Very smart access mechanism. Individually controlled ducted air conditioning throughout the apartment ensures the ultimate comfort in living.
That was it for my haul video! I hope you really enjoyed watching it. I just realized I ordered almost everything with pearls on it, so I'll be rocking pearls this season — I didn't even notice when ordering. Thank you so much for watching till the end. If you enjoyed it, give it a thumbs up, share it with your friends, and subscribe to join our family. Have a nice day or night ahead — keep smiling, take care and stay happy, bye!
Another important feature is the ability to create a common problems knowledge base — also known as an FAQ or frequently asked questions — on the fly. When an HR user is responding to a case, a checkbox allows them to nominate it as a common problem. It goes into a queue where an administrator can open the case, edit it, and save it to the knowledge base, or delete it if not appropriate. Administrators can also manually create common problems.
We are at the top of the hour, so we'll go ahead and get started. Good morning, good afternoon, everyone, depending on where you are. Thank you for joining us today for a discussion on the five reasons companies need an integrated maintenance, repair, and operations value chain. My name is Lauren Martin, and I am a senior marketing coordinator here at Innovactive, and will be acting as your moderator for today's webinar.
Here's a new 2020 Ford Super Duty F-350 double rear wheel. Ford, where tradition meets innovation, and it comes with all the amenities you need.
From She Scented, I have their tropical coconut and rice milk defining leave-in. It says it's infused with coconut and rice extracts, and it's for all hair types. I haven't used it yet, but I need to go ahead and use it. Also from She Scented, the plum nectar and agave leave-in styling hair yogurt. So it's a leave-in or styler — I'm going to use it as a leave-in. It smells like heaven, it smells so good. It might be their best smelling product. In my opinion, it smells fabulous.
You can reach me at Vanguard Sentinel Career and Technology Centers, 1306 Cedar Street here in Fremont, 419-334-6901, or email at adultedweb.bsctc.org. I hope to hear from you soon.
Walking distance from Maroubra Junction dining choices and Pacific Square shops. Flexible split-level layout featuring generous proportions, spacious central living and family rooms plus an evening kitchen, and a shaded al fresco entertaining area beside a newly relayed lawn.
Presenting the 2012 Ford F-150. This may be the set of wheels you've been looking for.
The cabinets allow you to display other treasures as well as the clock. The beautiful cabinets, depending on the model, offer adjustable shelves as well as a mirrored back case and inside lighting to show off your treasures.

○ ○ ○ ○ ○ ○ ○

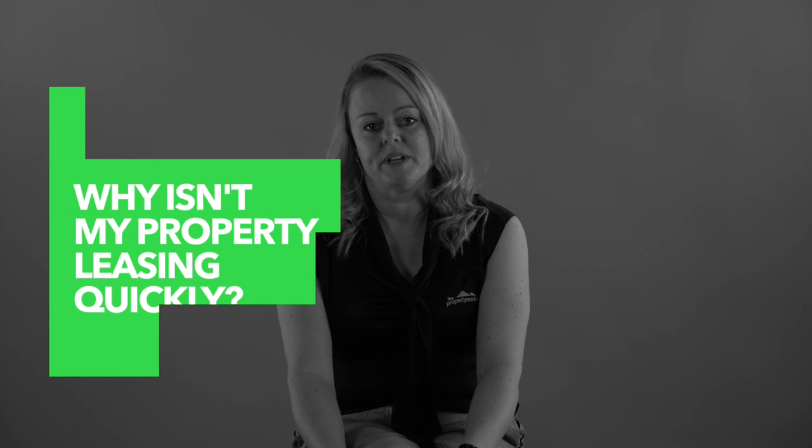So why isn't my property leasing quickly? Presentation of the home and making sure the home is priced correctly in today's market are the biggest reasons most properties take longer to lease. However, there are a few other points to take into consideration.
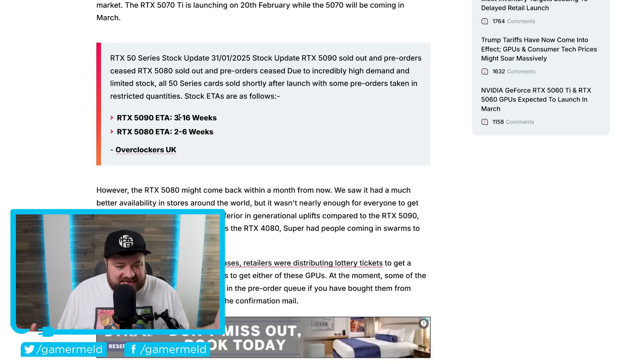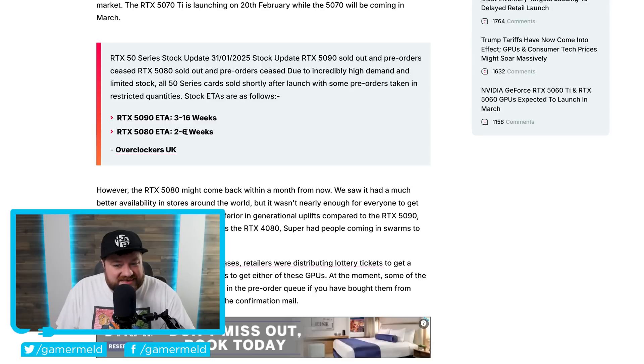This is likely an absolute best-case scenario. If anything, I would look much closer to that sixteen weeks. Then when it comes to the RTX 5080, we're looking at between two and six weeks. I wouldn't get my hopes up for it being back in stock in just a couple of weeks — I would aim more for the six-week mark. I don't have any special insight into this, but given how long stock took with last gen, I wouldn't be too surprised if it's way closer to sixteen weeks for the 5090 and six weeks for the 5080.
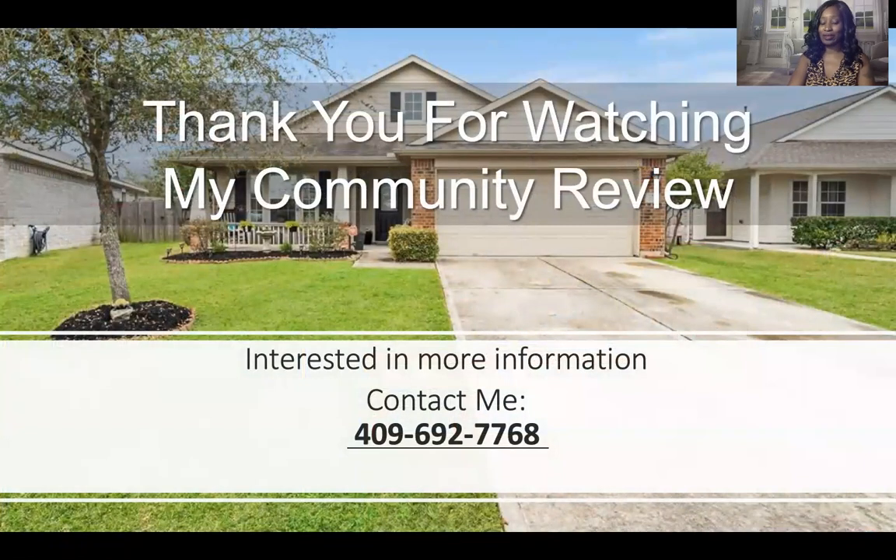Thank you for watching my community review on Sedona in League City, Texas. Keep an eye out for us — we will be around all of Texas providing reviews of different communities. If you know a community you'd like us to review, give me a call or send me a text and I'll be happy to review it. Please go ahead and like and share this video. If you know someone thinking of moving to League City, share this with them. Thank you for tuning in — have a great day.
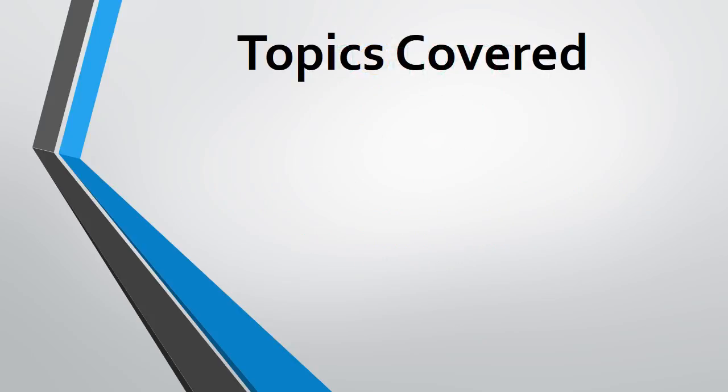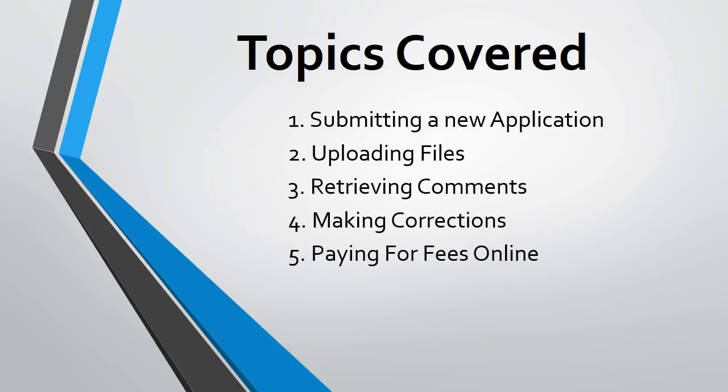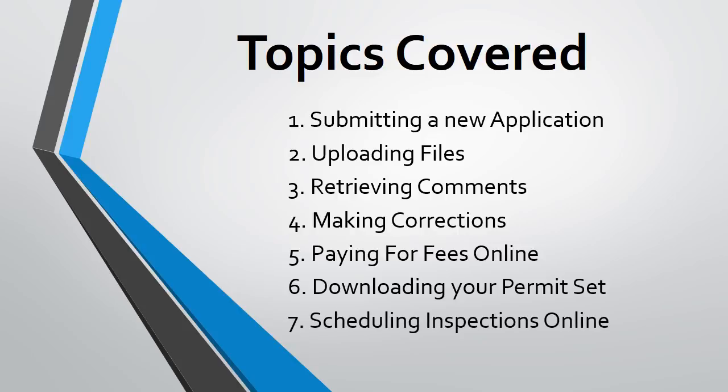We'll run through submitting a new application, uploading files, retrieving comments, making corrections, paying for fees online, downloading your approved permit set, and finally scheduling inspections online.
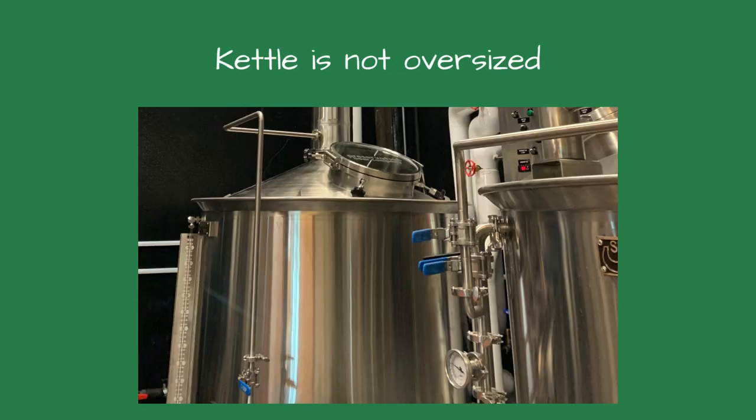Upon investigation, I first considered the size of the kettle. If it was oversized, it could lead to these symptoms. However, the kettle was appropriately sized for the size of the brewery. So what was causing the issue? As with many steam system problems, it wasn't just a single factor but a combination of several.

○ ○ ○ ○ ○ ○ ○

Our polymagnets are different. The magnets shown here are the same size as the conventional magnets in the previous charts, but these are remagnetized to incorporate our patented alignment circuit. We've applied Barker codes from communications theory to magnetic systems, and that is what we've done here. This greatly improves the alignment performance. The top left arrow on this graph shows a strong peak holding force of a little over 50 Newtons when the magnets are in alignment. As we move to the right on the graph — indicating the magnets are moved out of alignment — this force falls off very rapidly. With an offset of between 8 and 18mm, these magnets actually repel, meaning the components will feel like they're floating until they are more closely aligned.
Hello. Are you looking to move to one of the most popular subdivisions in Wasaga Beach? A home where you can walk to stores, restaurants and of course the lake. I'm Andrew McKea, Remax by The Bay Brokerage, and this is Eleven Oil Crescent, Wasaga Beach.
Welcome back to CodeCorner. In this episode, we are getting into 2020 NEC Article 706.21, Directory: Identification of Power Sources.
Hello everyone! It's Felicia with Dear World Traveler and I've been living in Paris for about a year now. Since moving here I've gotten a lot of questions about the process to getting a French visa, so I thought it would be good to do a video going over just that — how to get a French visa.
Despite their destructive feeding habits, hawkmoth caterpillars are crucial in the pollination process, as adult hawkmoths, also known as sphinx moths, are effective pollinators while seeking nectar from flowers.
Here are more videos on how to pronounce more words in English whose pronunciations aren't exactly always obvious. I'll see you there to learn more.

○ ○ ○ ○ ○ ○ ○

> _INSTRUCTIONS TO FOLLOW_
Search the listing for the word "Ford" and return each line that holds it.

> _ANSWER_
Here's a new 2020 Ford Super Duty F-350 double rear wheel. Ford, where tradition meets innovation, and it comes with all the amenities you need.
Presenting the 2012 Ford F-150. This may be the set of wheels you've been looking for.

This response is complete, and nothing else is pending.